Welcome to Inside the Hill! On this page, you’ll find my musings about all sorts of random aspects of working in the second National Zoo known as Congress, from how to get a job to how to advocate for an issue effectively. Enjoy!

The Informational Interview. 

When I was first searching for a job on Capitol Hill, I wanted to talk to anyone and everyone with a gold eagle on their business card. I emailed family friends, asked for connections through my college professors, neighbors, and parents of my friends, and literally cold called House offices from my home state to set up times to talk. In the end, after more than forty such conservations, my first job came completely unrelated to those conversations… at least not directly.

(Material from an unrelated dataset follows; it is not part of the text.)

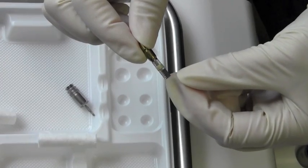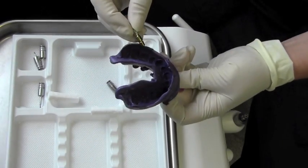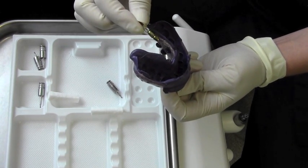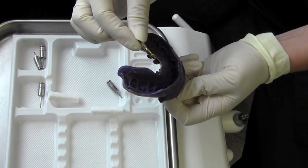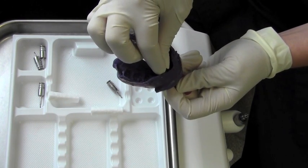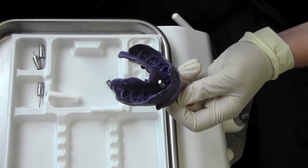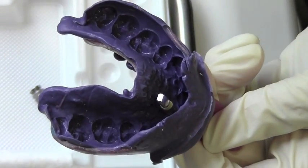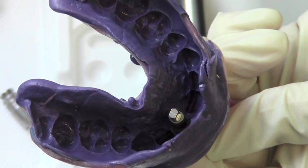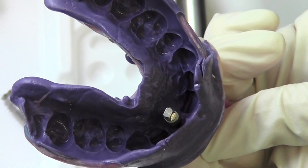Lisa's going to pick up the impression and locate the flat surfaces of the impression post to align up with the flat surfaces of the transfer cap in the impression and seat that firmly down. There you have it — the impression with the impression post and milling analogue attached, ready to go to the laboratory.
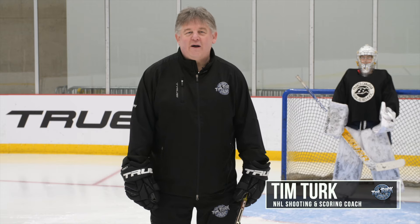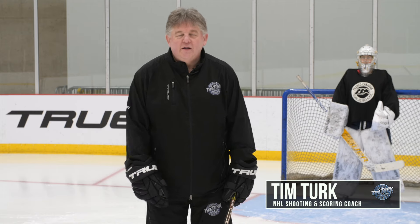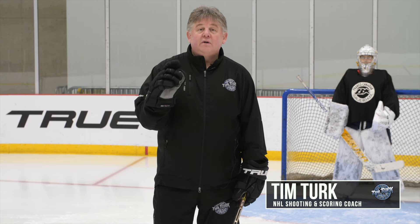Hey everybody, I'm Tim Turk and welcome back to HockeySkillsTraining.com. Thanks for being a subscriber and signing up. In this video we're going to talk about getting a pass from the goalie.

Now that I sit on the other side of the table, I will talk to anyone who asks. Simply put, I love it and am happy to try and help people sitting in the same seat I was not too long ago. Below are my observations and advice from years of taking part in this song and dance.

  • Know Your Objective: The informational interview has two objectives, both of which can be accomplished in fifteen minutes. First, you are trying to get information about the job you want – hence the “informational” part. Second, you want to leave a positive impression on the person you are talking to. If you are trying to get a Staff Assistant job, there is only so much to learn. However, if the staffer you are talking to hangs up thinking “wow, she was really bright” then when you come back two months later asking them to forward your resume, they’ll remember you. Make sure to present yourself and articulate, thoughtful, personable, and well-read.
  • Control The Conversation: There is nothing worse than sitting down with a recent college graduate who just stares at you as if you’re going to be some fountain of knowledge they just have to turn on. If you asked for the meeting, you need to run it. Start by thanking them and proactively saying “let me tell you a little bit about myself.” They don’t know you, so don’t make them ask for your background. Follow up by asking the same of them. Bring with you a checklist of things you want to know and work your way through. If they say something interesting, dig deeper even if it takes you off course for a minute. Silence is your enemy.
  • Do Your Homework: Nothing leaves a bad taste in my mouth more than someone who asks me a question that could have been answered by a quick google search. The informational interview is about establishing a connection with someone and gaining inside knowledge. If you are interviewing a Chief of Staff you should know who their member is, what district they are from, and what committees they work on. Use this information to shape your questions, don’t use your questions to find this information.
  • Always Open Ended: First rule of interviews: people love to talk about themselves. Avoid asking yes or no questions. Say things like “tell me about…” or “what was x like..” People get more comfortable the more they talk, and the more they talk the more likely they’ll say something interesting that you can follow up on. The more an interview is like a conservation, the more likely the staffer will walk away thinking highly of you.
  • Ask Away: This is your chance. The person agreed to sit down with you. If they had a really cool position in the Obama White House, ask them about it! If they don’t want to share, they won’t, but you never know. One of my biggest regrets was sitting down with someone who held a critical position with Hillary Clinton and utterly failing to ask anything of substance. Present me wishes past me had read this post.
  • The Follow Up: This is the single most notable way you can screw up a good informational interview. Sending a prompt follow up email is much like driving a car without getting into an accident. If you arrive safely, no one will congratulate you. But if you crash, everyone will notice. The follow up “thank you” email is like the ribbon on a present. It gives you an opportunity to give your closing speech one last time (always attach your resume) and establish that you will contact them again if you need help. People appreciate being flattered, and a simple “thank you” will do the trick. If you don’t email and then three months later want their help? Well, good luck.